“We want to further reduce taxes, not because we want to be pleasant, but because we can do it. Already in 2025, we are moving forward with 12 tax reductions. In 2026 and 2027, we can implement further reductions for two reasons: because Greece, according to estimates from all international organizations, will have higher growth than the EU average, and because the effort to reduce tax evasion continues. Due to our developmental policies and tax evasion strategies, everyone who pays their taxes willingly will see a lower burden.”
This was emphasized by the Minister of National Economy and Finance, Kostis Hatzidakis, speaking yesterday, Thursday, at the annual Tax Forum organized by the Hellenic-American Chamber of Commerce.

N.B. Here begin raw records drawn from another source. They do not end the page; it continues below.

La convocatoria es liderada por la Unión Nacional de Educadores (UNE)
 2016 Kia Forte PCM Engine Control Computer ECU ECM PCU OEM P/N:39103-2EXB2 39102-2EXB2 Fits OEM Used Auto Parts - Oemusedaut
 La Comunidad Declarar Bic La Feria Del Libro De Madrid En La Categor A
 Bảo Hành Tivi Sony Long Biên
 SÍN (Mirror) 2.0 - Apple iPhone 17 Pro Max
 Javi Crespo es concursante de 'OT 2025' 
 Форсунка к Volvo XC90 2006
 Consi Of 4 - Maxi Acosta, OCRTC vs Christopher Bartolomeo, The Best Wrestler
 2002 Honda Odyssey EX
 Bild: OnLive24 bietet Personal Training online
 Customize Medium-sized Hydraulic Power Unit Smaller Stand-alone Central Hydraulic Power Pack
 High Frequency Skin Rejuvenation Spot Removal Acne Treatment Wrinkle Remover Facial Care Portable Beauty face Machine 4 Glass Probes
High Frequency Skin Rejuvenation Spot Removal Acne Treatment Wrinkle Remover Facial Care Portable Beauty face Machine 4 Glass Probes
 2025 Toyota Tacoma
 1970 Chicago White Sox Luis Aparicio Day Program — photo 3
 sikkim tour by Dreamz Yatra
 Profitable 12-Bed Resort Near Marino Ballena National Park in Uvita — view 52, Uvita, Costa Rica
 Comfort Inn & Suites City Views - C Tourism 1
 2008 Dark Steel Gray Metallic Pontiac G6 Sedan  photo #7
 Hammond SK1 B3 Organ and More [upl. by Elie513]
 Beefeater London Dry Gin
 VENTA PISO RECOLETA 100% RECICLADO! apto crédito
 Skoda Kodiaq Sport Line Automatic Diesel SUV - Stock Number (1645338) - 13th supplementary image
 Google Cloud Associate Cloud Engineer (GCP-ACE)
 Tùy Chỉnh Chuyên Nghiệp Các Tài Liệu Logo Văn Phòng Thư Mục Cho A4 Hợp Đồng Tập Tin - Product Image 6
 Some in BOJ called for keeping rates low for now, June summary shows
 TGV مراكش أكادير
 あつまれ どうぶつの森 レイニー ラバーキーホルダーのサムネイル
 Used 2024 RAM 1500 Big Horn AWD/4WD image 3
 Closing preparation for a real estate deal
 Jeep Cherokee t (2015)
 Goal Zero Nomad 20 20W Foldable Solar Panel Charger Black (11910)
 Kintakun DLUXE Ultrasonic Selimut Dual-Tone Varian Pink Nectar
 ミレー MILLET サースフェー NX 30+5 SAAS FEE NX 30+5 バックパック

The minister also highlighted Eurostat data indicating that in 2023, Greece had the largest tax reduction relative to GDP among EU countries, from 42.8% in 2022 to 40.7% in 2023. “Despite the ongoing initiatives to combat tax evasion, which lead to increased revenues, the growth of the economy and the 60 tax reductions implemented by the government in the last five years have resulted in a decrease in the tax-to-GDP ratio,” noted the minister.
He also announced that the bill implementing the initiatives announced for 2025 (including exemption from income tax for closed properties offered for rent, further reduction of social security contributions by one percentage point, and incentives for mergers and innovation) is expected to be put out for consultation next week.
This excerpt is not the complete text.